O Instituto Mamirauá integrou o lançamento da publicação “Caminhos para a Ciência Pan-Amazônica” durante a COP30, em Belém (PA). A obra, desenvolvida pela Rede Bioamazonia, reúne contribuições de pesquisadores de oito instituições amazônicas e propõe uma visão integrada da ciência regional para enfrentar a crise climática.
No sábado, 15, a Rede Bioamazonia apresentou em Belém (PA) sua primeira publicação colaborativa, intitulada “Caminhos para a Ciência Pan-Amazônica”. O lançamento ocorreu durante o evento de mesmo nome, realizado no auditório da Estação Amazônia Sempre, no Parque Zoobotânico do Museu Paraense Emílio Goeldi, e marcou o encerramento da programação da Rede na primeira semana da COP30.
A publicação reúne notas conceituais elaboradas por pesquisadores e especialistas das oito instituições que integram a Rede Bioamazonia: o Instituto Mamirauá (Brasil), o Museu Paraense Emílio Goeldi (Brasil), o Instituto Nacional de Pesquisas da Amazônia (Brasil), o Instituto Humboldt (Colômbia), o Instituto SINCHI (Colômbia), o Instituto Nacional de Biodiversidade (Equador), o Instituto de Pesquisa da Amazônia Peruana (Peru) e o Instituto de Ecologia da Universidade Mayor de San Andrés (Bolívia).
O evento reuniu lideranças científicas dos países amazônicos, entre elas João Valsecchi do Amaral, diretor do Instituto Mamirauá (Brasil); Luz Marina Mantilla Cárdenas, diretora do Instituto SINCHI (Colômbia) e presidenta da Rede Bioamazonia; Henrique dos Santos Pereira, diretor do INPA (Brasil) e vice-presidente da Rede; Carmen Rosa García Dávila, presidente executiva do IIAP (Peru); Diego Javier Inclán Luna, diretor executivo do INABIO (Equador); Hernando García Martínez, diretor do Instituto Humboldt (Colômbia); Nilson Gabas Jr., diretor do Museu Goeldi (Brasil); e Mónica Moraes, docente pesquisadora do Instituto de Ecologia da UMSA (Bolívia).
Durante a cerimônia de lançamento, João Valsecchi destacou o caráter colaborativo e o potencial de impacto da Rede Bioamazonia: “A rede nasce com a expectativa de traduzir uma ciência feita de forma coletiva, com parceiros que pensam e atuam juntos em toda a Amazônia.

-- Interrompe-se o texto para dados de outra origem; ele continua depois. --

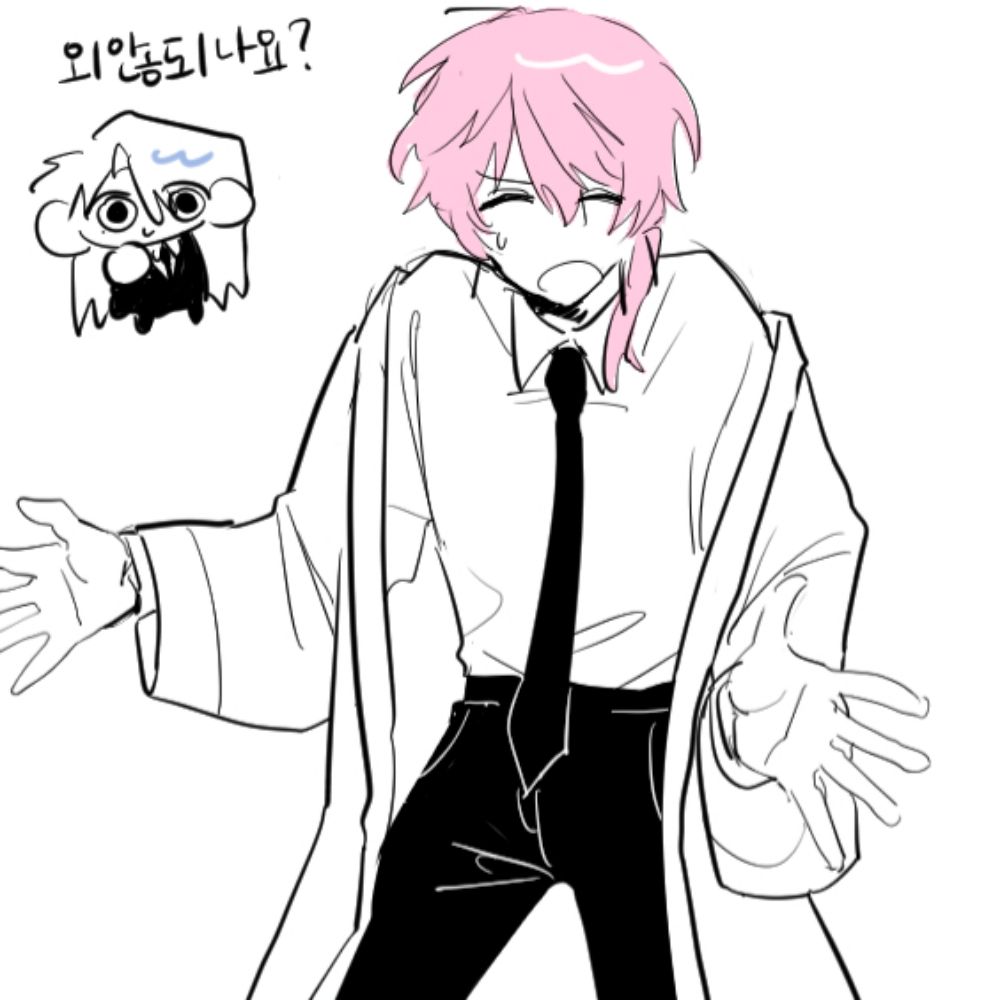 白青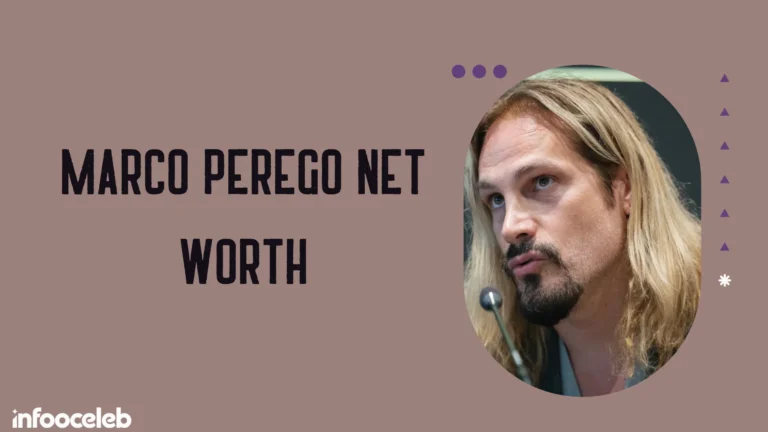 Marco Perego Net Worth
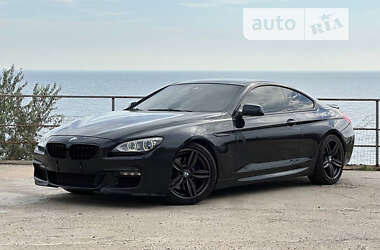 Купе BMW 6 Series 2014 в Одесі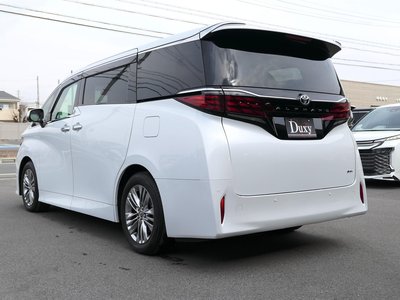 TOYOTA ALPHARD - 10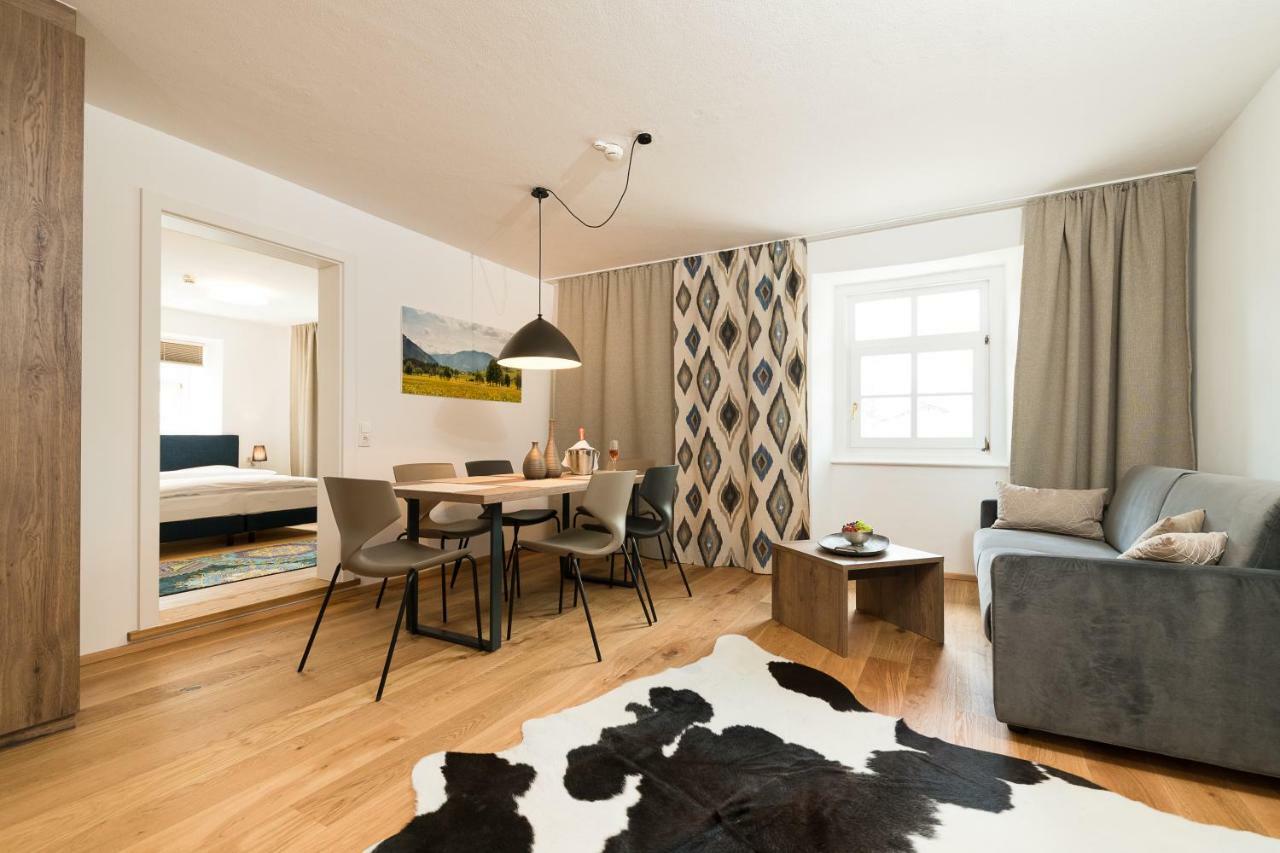 Ferienwohnung Hindenburg Saalfelden Eksteriør bilde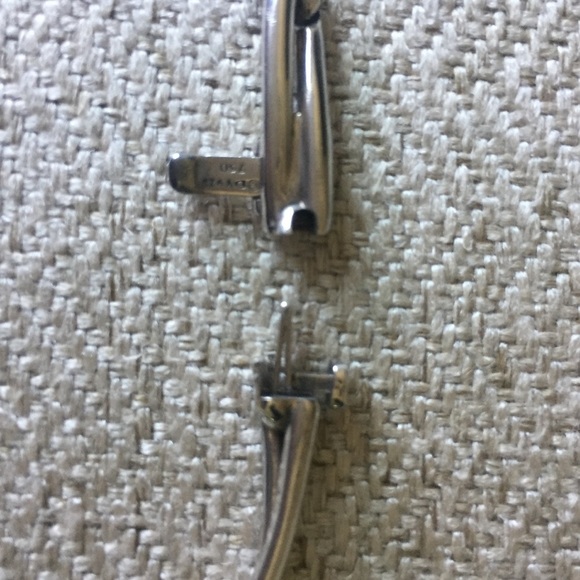 DAVID Yurman 18k SS & Diamond Necklace - Picture 5 of 9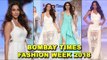 Malaika Arora Sets The Ramp On Fire | Bombay Times Fashion Week 2018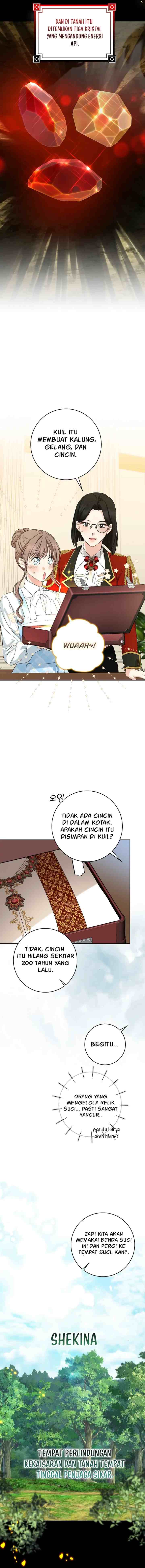 Our Tyrant Became Young chapter 36 halaman 6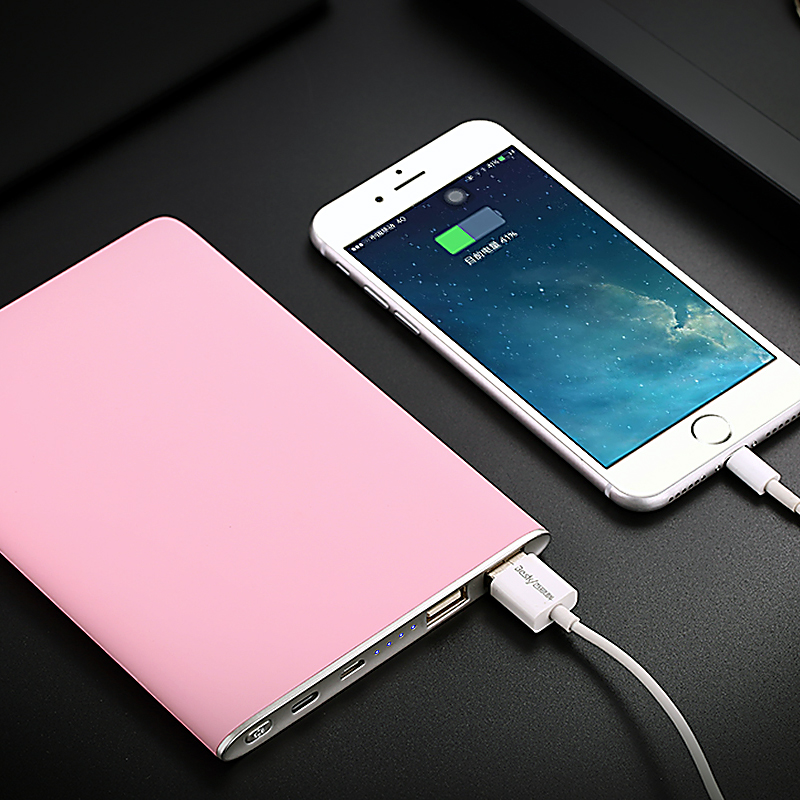 power banks, chargers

Nosso desafio agora é transformar esse conhecimento em impacto, em escala regional e global”.
Já a presidenta da Rede Bioamazonia, Luz Marina Mantilla Cárdenas, ressaltou o compromisso científico e social da iniciativa: “Esta é uma rede genuína: não inventa seus dados, produz seus dados. Aqui há a possibilidade de organizar e harmonizar o conhecimento para orientar não só a ciência, mas também soluções para desafios sociais que enfrentamos hoje”, afirmou.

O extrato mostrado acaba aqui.